Students march on Seattle: 'Power of the people stronger than people in power' | KUOW News and Information

Students march on Seattle: 'Power of the people stronger than people in power'

Mar 24, 2018

We are at the 'March for Our Lives' in Seattle this morning where 50,000 students and their families are expected to rally. We will update this post as the march progresses.

Makena Thatcher, 14, and her sister Malia Thatcher, said they were at the rally because their own school went into lockdown for a possible shooting. They attend Kamiak High School in Mukilteo.

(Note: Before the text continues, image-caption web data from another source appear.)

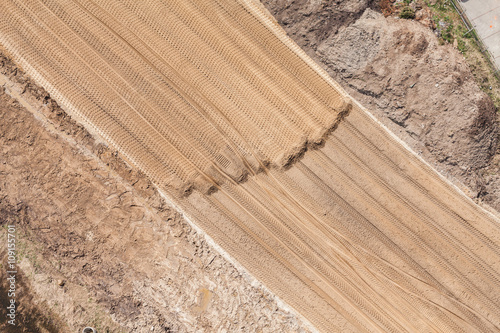 Aerial view of the earth mover tracks on sand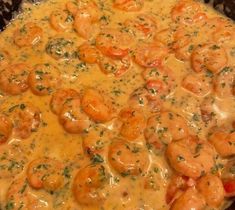 a skillet filled with shrimp and cheese covered in sauce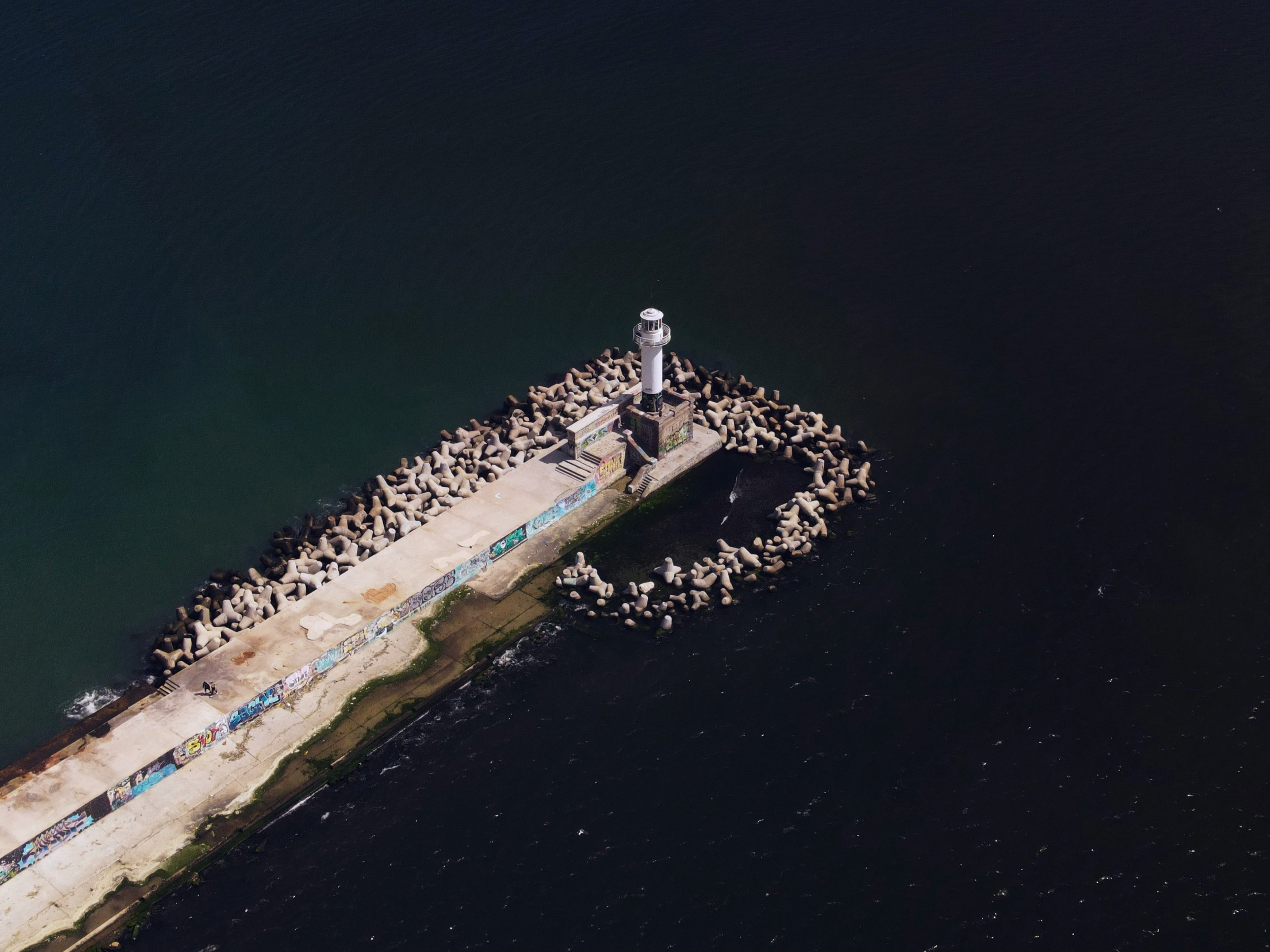 The white lighthouse at the end of the Varna breakwater, seen from above over the dark sea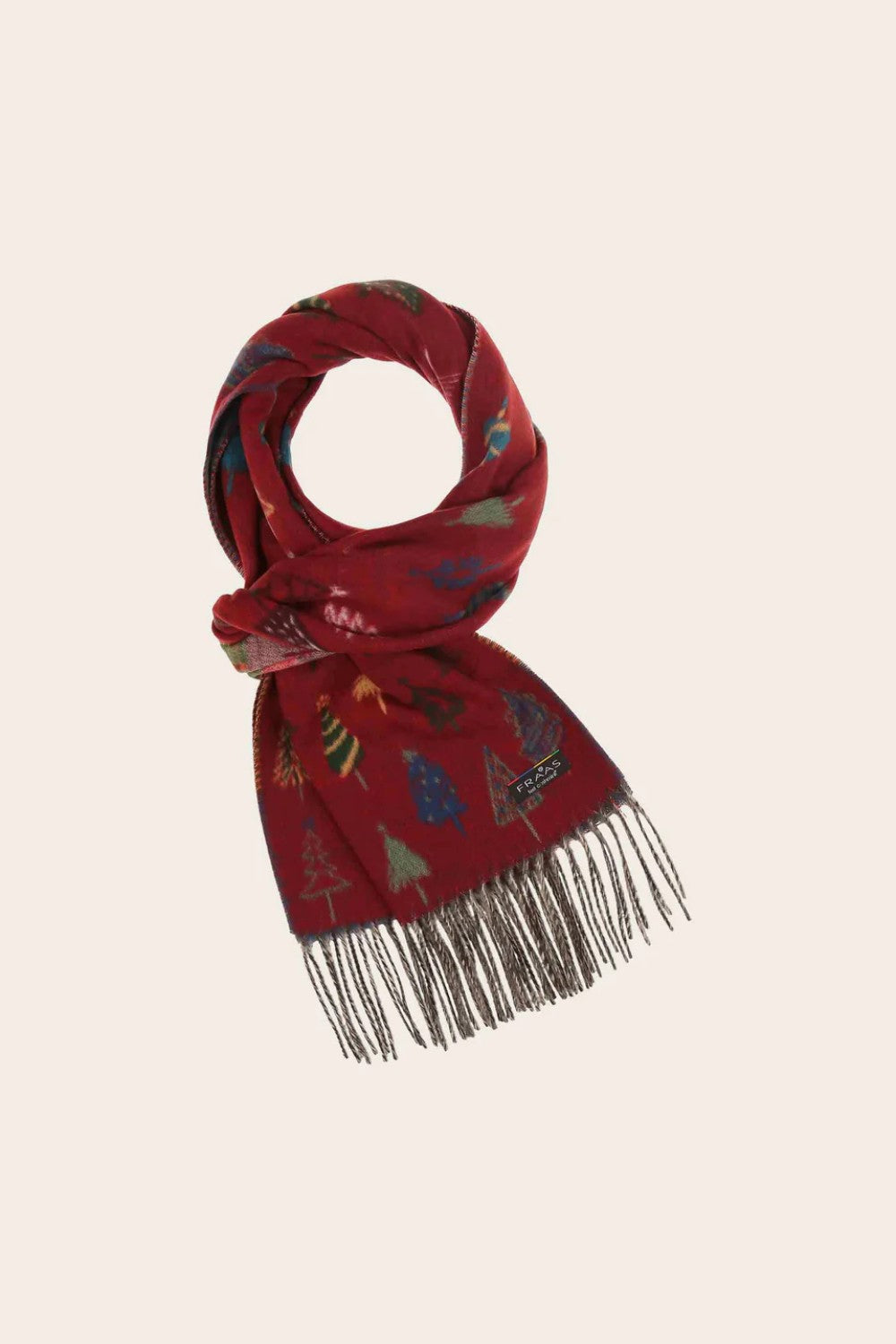 Red scarf with festive pattern on a beige background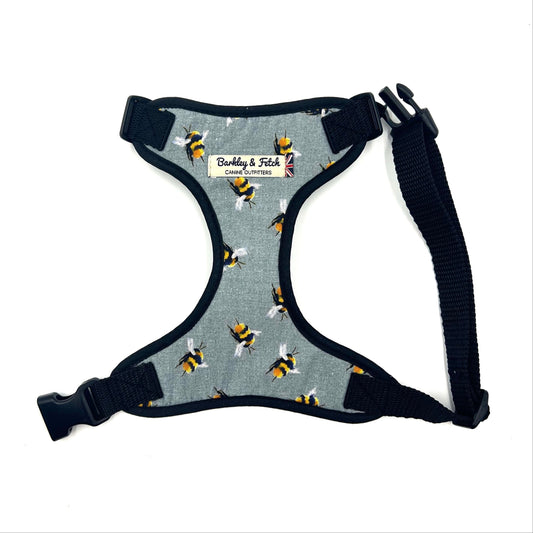 Dog harness with bee pattern on a white background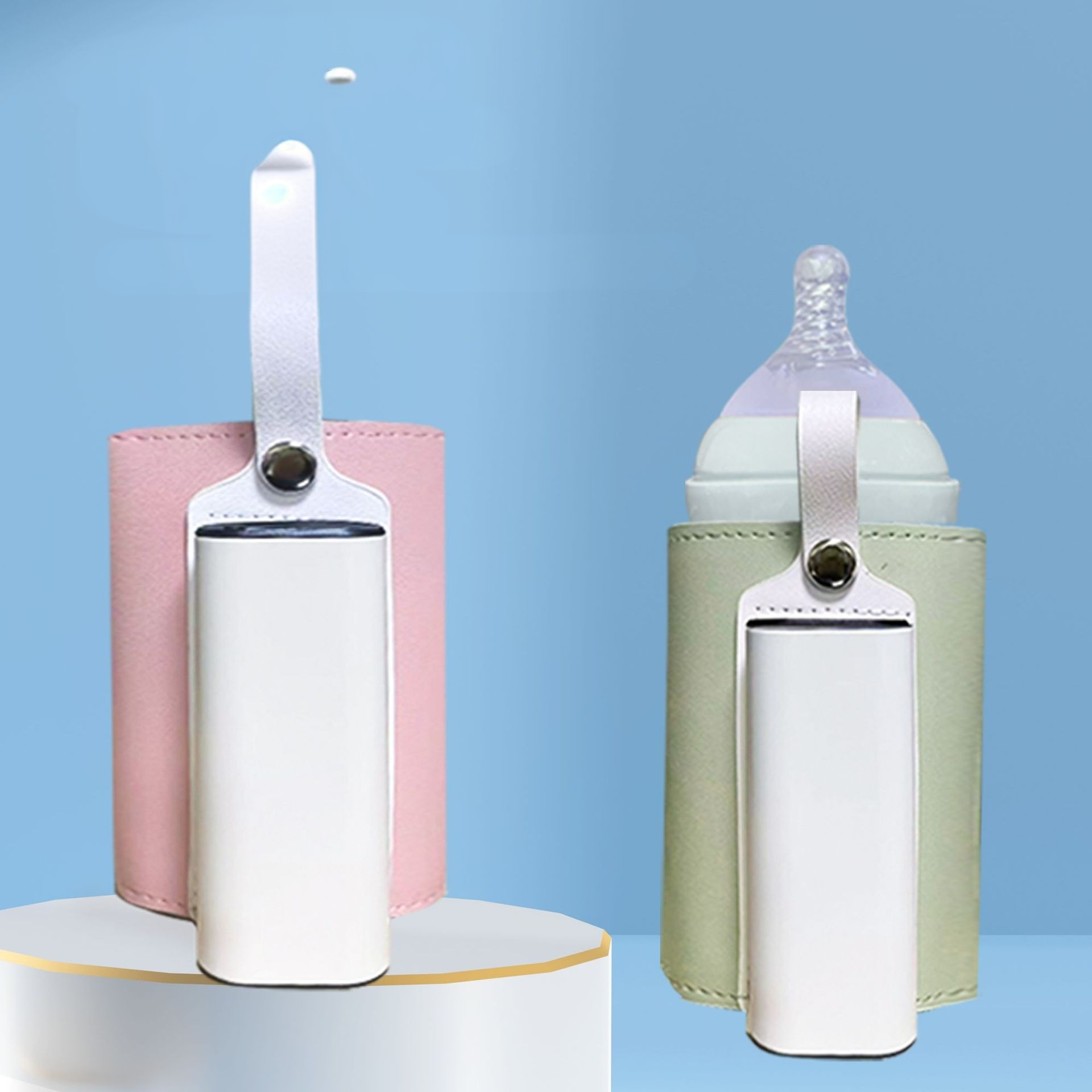 Zwei Babyflaschenwärmer, rosa und grün, mit weißen Akzenten, stehen vor einem blauen Hintergrund. Ein weißes Objekt schwebt darüber.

The girls have been close to fatal shootings as well — a high school student shot up a party in their hometown a year and a half ago, leaving three dead. Marysville Pilchuck High School, 20 minutes away, had a mass shooting in 2014, in which five students died, including the shooter.

Rainier Beach High School student Gregory Miles Pleasant was one of the speakers onstage. He’s a member of the group Youth 4 Peace. But he said his jump into the spotlight has been sudden and a bit surreal.

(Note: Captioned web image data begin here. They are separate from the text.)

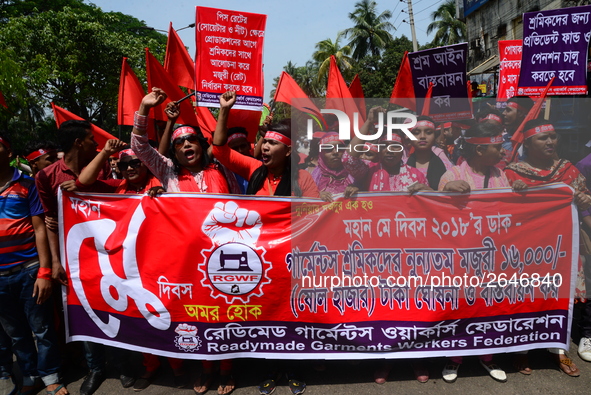 Bangladeshi garment workers and other labor organization members take part in a rally to mark May Day, International Workers' Day in Dhaka,...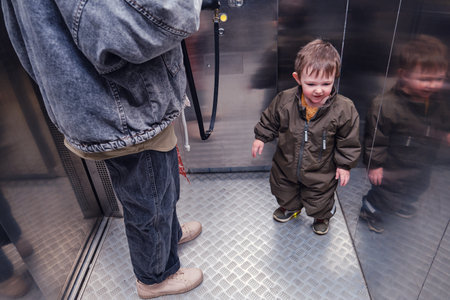 A small child rides with a woman mother in an elevator. Baby is standing with a parent in the elevator of an apartment building. Kid aged about two years (one year ten months)の写真素材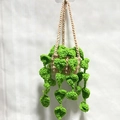 Handmade crochet hanging plant with green heart leaves and beige woven basket - Green + Khaki Hanging Style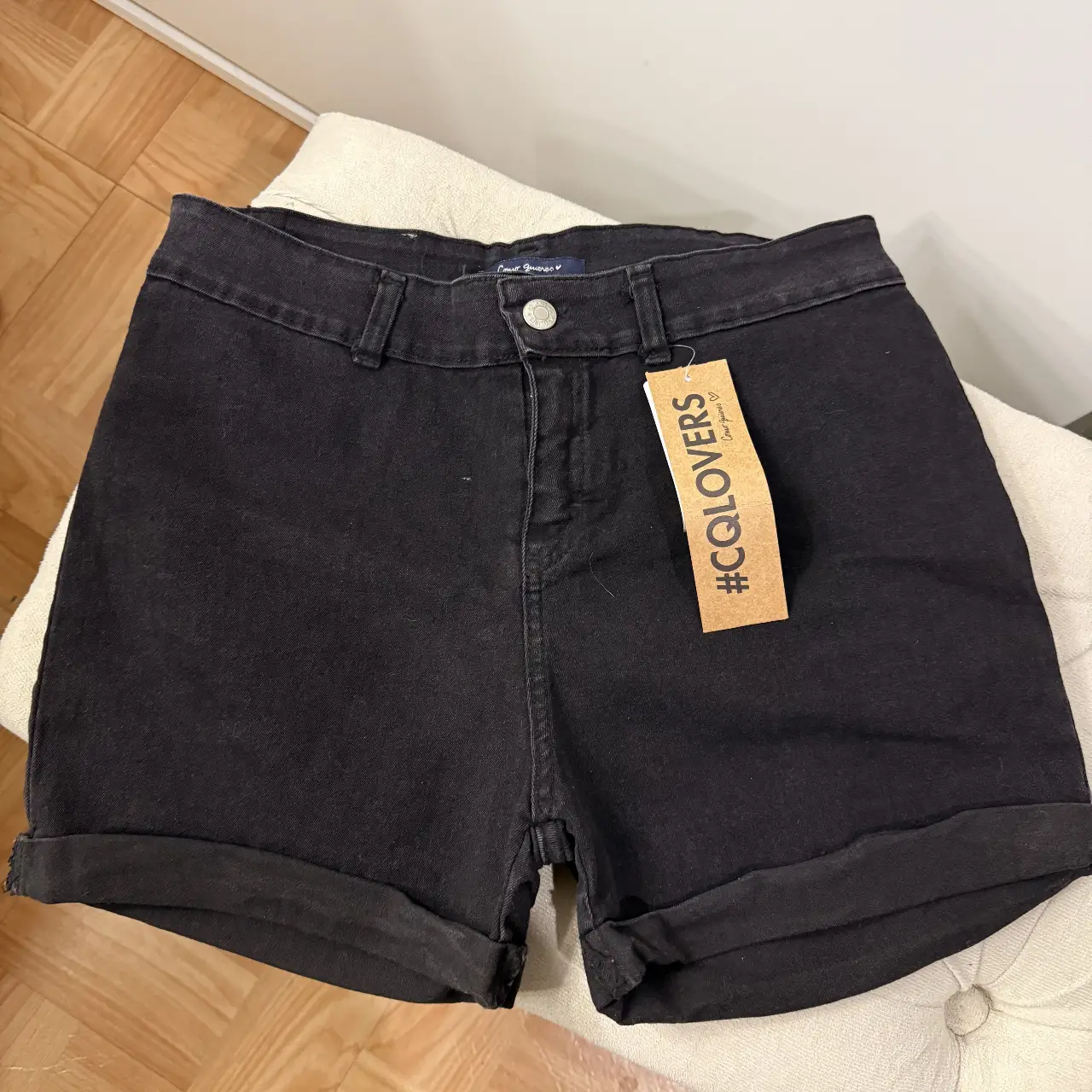 Short de jean elastizado negro de tiro medio con etiqueta de la marca Como Quieres. Ideal para un look casual y cómodo. TALLE 46.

“Honestly a couple months ago I wasn’t into all of this,” Pleasant said. “I was on the ground, walking through the streets. This is my life, this isn’t something that I’m researching.”

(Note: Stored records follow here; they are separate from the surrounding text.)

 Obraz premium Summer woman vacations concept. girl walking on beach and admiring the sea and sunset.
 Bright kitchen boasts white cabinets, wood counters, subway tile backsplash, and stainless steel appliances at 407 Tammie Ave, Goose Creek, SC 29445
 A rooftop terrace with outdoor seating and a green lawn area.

Pleasant said the growth of this student-led movement makes him feel hopeful. He just wants people to recognize that many people have been dealing with gun violence for years, and they need solutions that go beyond the school building.

Politicians, too, attended. Sen. Maria Cantwell said she was there to “remember Tulalip, Marysville and SPU” – Seattle Pacific University. “We are here to march for them.”

Youth for Peace prepare to go onstage before March For Our Lives in Seattle on Saturday morning.
Credit KUOW Photo/Carolyn Adolph

Bob Ferguson, Washington state’s attorney general, said, “It is outrageous, unacceptable, that our politicians here at home will not listen.” He mentioned shootings at Garfield High School (1995), Moses Lake (1996), Marysville (2014) and Mukilteo (2016).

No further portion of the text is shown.